- [Task description]: The lines of the records that include "time" should all be copied.
-- Exercise inputs follows --
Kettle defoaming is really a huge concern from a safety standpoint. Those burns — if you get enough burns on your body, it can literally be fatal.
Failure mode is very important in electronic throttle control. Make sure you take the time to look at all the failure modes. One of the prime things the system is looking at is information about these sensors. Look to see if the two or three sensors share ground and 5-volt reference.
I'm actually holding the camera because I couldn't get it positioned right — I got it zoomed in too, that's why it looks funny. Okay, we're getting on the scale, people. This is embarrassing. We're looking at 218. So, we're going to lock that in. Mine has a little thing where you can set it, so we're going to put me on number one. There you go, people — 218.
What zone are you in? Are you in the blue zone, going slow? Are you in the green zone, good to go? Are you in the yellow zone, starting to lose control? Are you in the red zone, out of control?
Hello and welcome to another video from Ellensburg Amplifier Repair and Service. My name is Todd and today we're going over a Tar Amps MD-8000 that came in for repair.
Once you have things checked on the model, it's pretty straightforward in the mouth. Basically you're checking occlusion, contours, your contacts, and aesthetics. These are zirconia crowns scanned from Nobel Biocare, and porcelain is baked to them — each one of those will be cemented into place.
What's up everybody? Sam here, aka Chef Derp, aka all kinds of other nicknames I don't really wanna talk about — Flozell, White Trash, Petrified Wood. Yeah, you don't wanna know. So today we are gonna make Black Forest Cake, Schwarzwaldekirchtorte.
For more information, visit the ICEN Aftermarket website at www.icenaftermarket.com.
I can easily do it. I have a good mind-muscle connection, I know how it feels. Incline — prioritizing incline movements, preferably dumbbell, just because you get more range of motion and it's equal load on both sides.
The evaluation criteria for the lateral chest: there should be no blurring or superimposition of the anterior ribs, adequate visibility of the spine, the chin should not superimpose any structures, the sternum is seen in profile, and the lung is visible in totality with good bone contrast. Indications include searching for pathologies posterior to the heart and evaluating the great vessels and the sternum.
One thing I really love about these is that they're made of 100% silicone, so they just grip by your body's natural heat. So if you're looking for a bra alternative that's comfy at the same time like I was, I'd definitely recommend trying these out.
-- Exercise inputs concluded --
- [Output for this exercise]:
Failure mode is very important in electronic throttle control. Make sure you take the time to look at all the failure modes. One of the prime things the system is looking at is information about these sensors. Look to see if the two or three sensors share ground and 5-volt reference.
One thing I really love about these is that they're made of 100% silicone, so they just grip by your body's natural heat. So if you're looking for a bra alternative that's comfy at the same time like I was, I'd definitely recommend trying these out.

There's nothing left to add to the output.